図1は、本発明の実施の形態1に係わる回転電機巻線の絶縁欠陥検査装置のブロック図である。
図1には、本実施の形態の回転電機巻線の絶縁欠陥検査装置(絶縁欠陥検査装置と記す)100で検査される回転電機の回転電機巻線1も示している。
図1に示すように、本実施の形態の絶縁欠陥検査装置100は、単極インパルス電圧を発生する単極インパルス電源3と、可変高周波リアクトル6と、高周波リアクトル制御装置7と、部分放電検出センサ8と、部分放電判定装置9とを備えている。
【0015】
単極インパルス電源3は、第1の電源配線3aと第2の電源配線3bとを導出しており、第1,第2の電源配線3a,3bは、図1において点線で囲まれた装置内の内部配線部と、装置と回転電機巻線1の端子とを接続する外部配線部とで形成されている。
また、第1の電源配線3aは、外部配線部に部分放電検出センサ8が配設されているとともに、回転電機巻線1における、一相の巻線の反中性点側の端子と接続される。また、第2の電源配線3bは、アースに接続されているとともに、回転電機巻線1の他の二相の巻線における反中性点側の各端子と接続される。
第1,第2の電源配線3a,3bの、内部配線部と外部配線部とは、一体のものであっても良く、あるいは、別体のものであっても良い。
【0016】
例えば、図1では、回転電機巻線1におけるU相の巻線の反中性点側の端子に、第1の電源配線3aが接続されており、回転電機巻線1におけるV相とW相との巻線の反中性点側の両端子に、第2の電源配線3bが接続されている。
そして、単極インパルス電源3は、第1,第2の電源配線3a,3bを介して、インパルス電圧を、回転電機巻線1に印加する。
【0017】
可変高周波リアクトル6は、単極インパルス電源3における第1の電源配線3aと第2の電源配線3bとに接続されており、単極インパルス電源3に対して、電気的に並列に接続されている。

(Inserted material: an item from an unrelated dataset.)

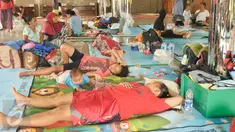 Warga korban banjir di wilayah Cipinang Melayu mengungsi ke Masjid Universitas Borobudur, Jakarta Timur, Senin (20/2). (Liputan6.com/Yoppy Renato)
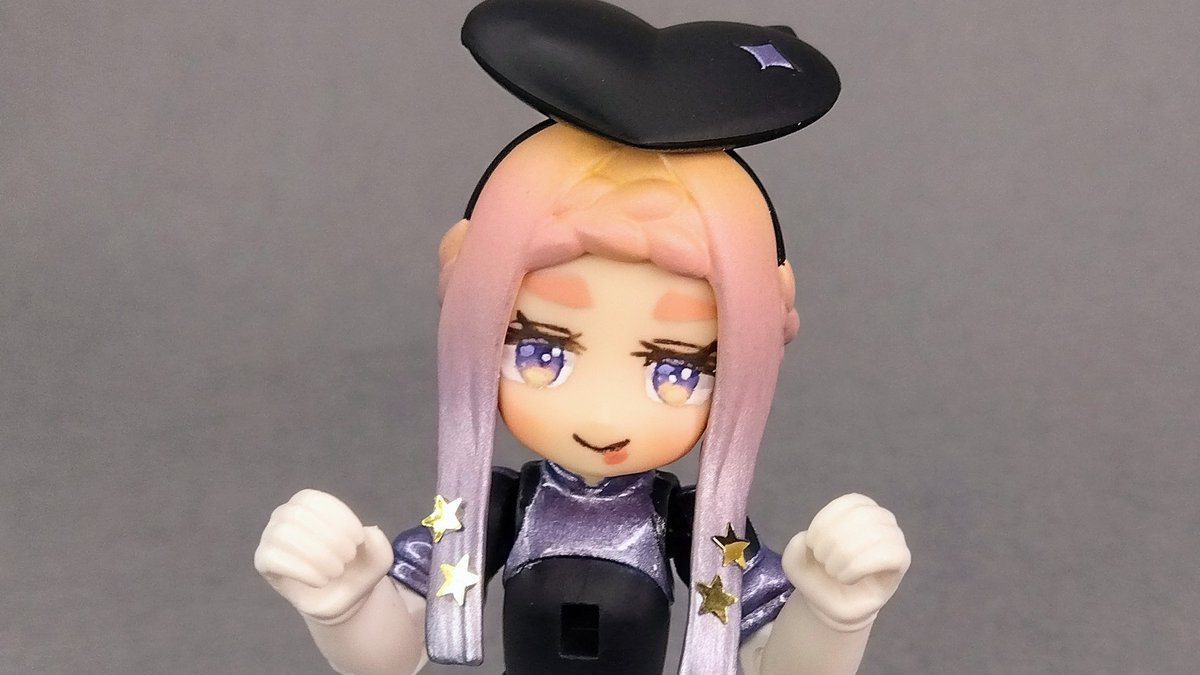kyonami_illust's tweet photo. 出来ました『アリッサ デュオ(ステラ)』さんです
甘いものと星を見るのが好きなうちのこDTA！😋
グラデーションになっている髪色と金色のお星さまがお気に入り https://t.co/0RZfnvFMff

そこで、可変高周波リアクトル6は、単極インパルス電源3と第1,第2の電源配線3a,3bで電気的に接続された回転電機巻線1に対しても、並列に接続されるようになっている。
また、可変高周波リアクトル6は、高周波リアクトル制御装置7と第4の配線7dで接続されており、高周波リアクトル制御装置7からの信号により、そのインダクタンスを変えることができる。
【0018】
高周波リアクトル制御装置7は、第1の配線7aで第1の電源配線3aと接続され、第2の配線7bで第2の電源配線3bとに接続されているとともに、第3の配線7cで、第1の電源配線3aが接続される一相の巻線における高圧端子側コイル2の巻終わり側に設けた計測端子(図示せず)と、接続するようになっている。
第3の配線7cも、装置内の内部配線部と、装置と計測端子とを接続する外部配線部とが、一体のものであっても良く、あるいは、別体のものであっても良い。
【0019】
そして、高周波リアクトル制御装置7は、第1の配線7aと第2の配線7bとで、単極インパルス電源3で印加された単極インパルス電圧により発生する、回転電機巻線1の端子間電圧(巻線端子間電圧と記す)Esを計測する。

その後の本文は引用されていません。